It’s not been a good year for Disney’s monorail system in Orlando.
On July 5, the pink and purple monorails collided as one of the trains was moving in reverse, against safety instructions spelled out in the manufacturer Bombardier Inc.’s 20-year-old manual (which calls the maneuver “a potentially hazardous operation even under the best conditions”). The train was moving off the Epcot loop at the end of the day. The switch that would have enabled the train to make it off the loop wasn’t on. So the train kept going in reverse on the Epcot loop, smashing into another and killing 21-year-old Austin Wuennenberg, a part-time monorail driver and college student from Kissimmee.
It’s the first fatal accident on the monorail system in 38 years.
On Dec. 13, 300 passengers riding the 15-mile link between the Magic Kingdom and the Contemporary Resort were stranded for three hours after the line lost power at 1 a.m. Disney did not call for evacuation assistance until close to 2 a.m. (The company says it was troubleshooting, as it usually does, to solve the problem before opting for the evacuation option.) The last passengers weren’t rescued until 4 a.m. Confusion reigned.
“In monorail orange, either car five or two we have a guest complaining of chest pains,” the Disney official who finally called 911 from the monorail base is recorded as saying. ” (The recording, contrary to Florida open-record laws, blanks out the name of the woman when she’s asked to identify herself. The guest in question was a 5-year-old boy.
“Is he awake?” the 911 operator asked. “He’s thorwing up,” the Disney official replied. “Is he breathing?” Her reply: Shallow breathing.” “Is he clammy?” “I don’t know.”
Three trains were blacked out. Two trains were towed back to a station by tractors. The third couldn’t be towed, and a $250,000 scissor-lift designed for just such circumstances couldn’t reach it.
Two days later, another power glitch forced a train traveling between the ticket center and the Contemporary Resort to be towed back to a station at 6:30 p.m. The stranding in that case lasted half an hour.

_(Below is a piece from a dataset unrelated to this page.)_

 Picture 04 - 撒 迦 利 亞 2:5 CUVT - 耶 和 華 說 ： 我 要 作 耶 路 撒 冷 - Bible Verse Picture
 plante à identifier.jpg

On Dec. 23, the U.S. Occupational Safety and Health Administration (OSHA) cited Disney for several safety violations, including one “serious” violation that contributed to the July 5 fatal accident. The fines OSHA proposed: $44,000. Considering that in 2009, Disney parks generated $1.4 billion in profits despite the recession (on revenue of $10.7 billion), that $44,000 amounts to the equivalent of 15 minutes’ profit (the parks rung up $160,000 in profits per hour, on a 24-hour day basis.)

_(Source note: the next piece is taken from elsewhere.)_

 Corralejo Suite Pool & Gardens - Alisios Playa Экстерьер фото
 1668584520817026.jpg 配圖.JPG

OSHA is still investigating the death of Mark Priest, 47, who died after striking a wall during a performance of Captain Jack’s Pirate Tutorial in the Magic Kingdom, as well as the death of 30-year-old Anislav Varbanov, who broke his neck while rehearsing for the “Indiana Jones Epic Stunt Spectacular” in the Hollywood Studios theme park (formerly MGM).

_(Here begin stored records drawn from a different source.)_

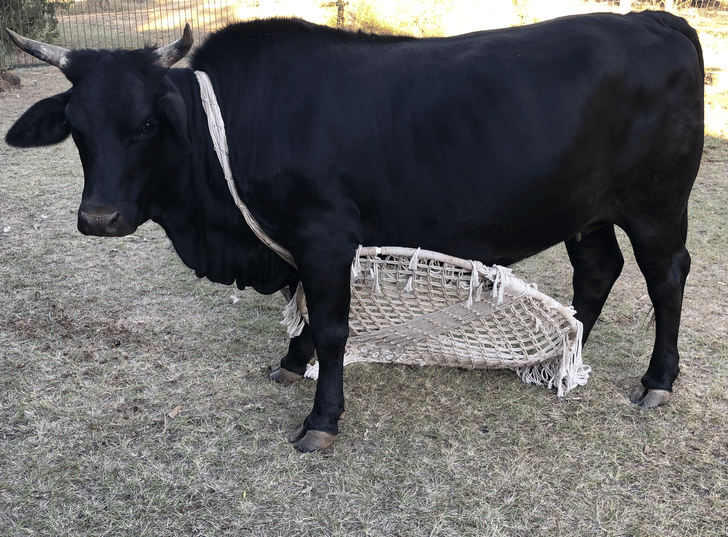 potret hewan tidak peduli dengan sekitar (reddit.com/user/coffeetime20cups)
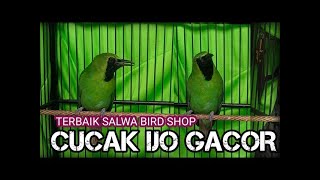 CUCAK IJO GACOR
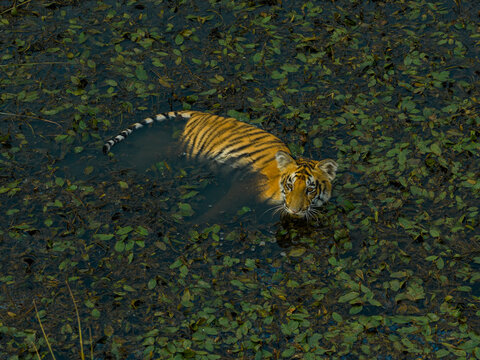 Aerial view of a tiger swimming through a pond covered in floating green leaves in Nepal.
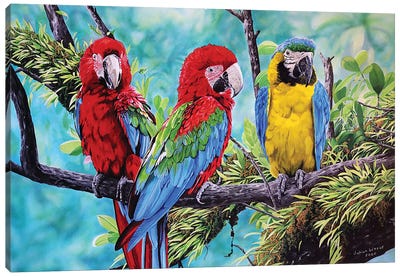 Scarlet Macaws And Blue And Gold Macaw Canvas Art Print - Julian Wheat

The mother of the pilot who was killed, Christine Wuennenberg, on July 9 filed a petition in Orlando Circuit court asking that any evidence from the July 5, such as video-surveillance footage, audio communications, and “black box”-type recordings from the monorail operation be preserved. (Wuennenberg, justifiably, fears that Disney may destroy evidence.) The petition also asked that access to the evidence be ensured. Judge Cynthia Mackinnon denied the petition. Call it Disney magic.